Reviews
of "Beautiful"
"Almost 40 now, Ms. Cho was less strident, less out to shock for the sake of it, and more outwardly happy than in the past....She was most at home when engaging the body, especially from the angle of identity politics...Ms. Cho seemed more comfortable in her skin than ever."
Dallas Morning News
"Some of the biggest laughs were unprintably raunchy (but none the less hysterical)."
Star-Telegram
Cho laid her dirty comedy on thick at the Orpheum Saturday night, and the near-capacity crowd ate it up. Cho was larger than life on the video screen above her - all the better to see her masterful facial expressions. She can contort her eyes, her mouth, even her nose into the funniest positions, whether she's imitating her mother imitating Julia Child or reenacting her horrified self..."
The Boston Globe
"...her latest tour, Beautiful, which on April 4 saw Cho return to the more honest and personal material that marked her earlier years....Cho seems to have re-embraced the best of what made her big in the first place."
Eye Weekly
"The sex-capade, and a subsequent tangent on pop culture divas...went over well with the packed audience, who was hooting and hollering its collective approval. Her political jabs, peppered throughout the show, were among her best and the show one of her consistently funniest."
Bay Windows
"Of course, it wasn't her beauty or lessons of being beautiful that captured the audience's attention of a nearly sold-out theater. It was her comical anecdotes on political issues such as Iraq, sex scandals, prostitution and immigration that induced the entire laugh-filled evening."
The Rebel Yell
"In a way, Beautiful is a return to I'm the One That I Want,
the hit 1999 tour that marked her comeback from the failure of her sitcom,
All-American Girl.....She
made me uncomfortable, but she also got my attention. That's why Margaret
Cho is so necessary. The sharpest comedy shows you the boundaries of your
own tolerance, and pushes them.
After Ellen
Reviews of "The Sensuous Woman"
"While Cho’s ostensible message is a celebration of difference, you don’t feel hit over the head with this lesson—diversity is simply on display. “Funny” is the bottom line. There’s scarcely an act that isn’t as laugh-provoking as it is outré."
Timeout New York
"Margaret Cho’s burlesque-cum-variety act is worth every hoot and catcall, not only for her zinger-filled standup, but for the freewheeling sexual demagoguery of the whole enterprise."
NY Press
"Cho sparkles when she's alone on stage, providing her typically fierce observations about celebrities (Britney Spears gets a thumping), gay men and her own sex life. She looks more at home here than she ever has on stage..."

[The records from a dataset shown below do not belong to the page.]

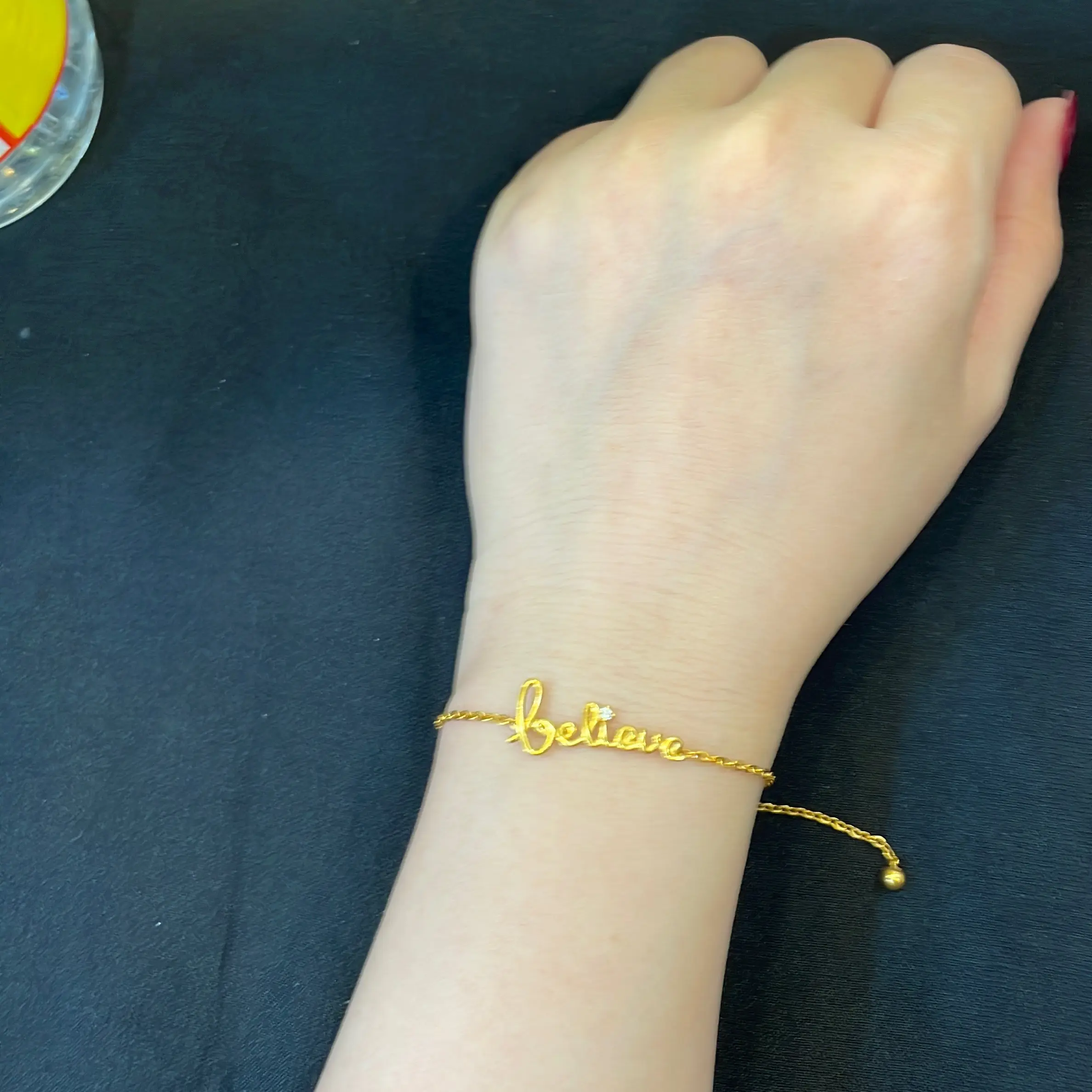 Bracelet fashion link newborn belive drawstring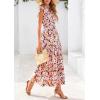 image:imagePRETTYGARDEN Womens 2026 Summer Floral Midi Dress Cap Sleeve V Neck Ruffle Long Flowy Boho Casual Beach Vacation DressesFloral Black Apricot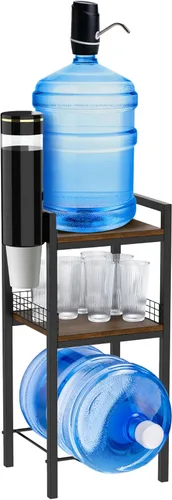 Soporte dispensador de agua de 5 galones con portavasos integrado y bomba eléctrica incluidos, soporte para jarra de agua resistente, estante de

International Herald Tribune (AP)
"Ms. Cho has become a beloved figure in the gay world for her down-and-dirty comic style, and her resplendently nasty opening monologue will not disappoint fans."
New York Times
"Cho stars in several of the more risqué segments, as well as regaling the crowd with hilarious, politically inflected stand-up that promotes the idea that bodies of all shapes and sizes are beautiful."
Theater Mania
"Giddy, gaudy and quite gay, this raunchy variety show sparkles whenever headliner Margaret Cho is front and center, alternating her standup gab with outre versions of classic striptease routines."
Variety
"When Cho flashes that sunny grin after a self-abasing joke about oral sex, say, it plays as an ironic gloss, a feint to smooth over any awkwardness, which somehow only makes it funnier."
Newsday
"Unashamed, unabashed, and most importantly undieted, she uses her dance to once and for all assume public control over the image that once cost her both her health and her mid-1990s sitcom All American Girl, and one can’t help but be inspired by the personal liberty she’s developed and displays so willingly."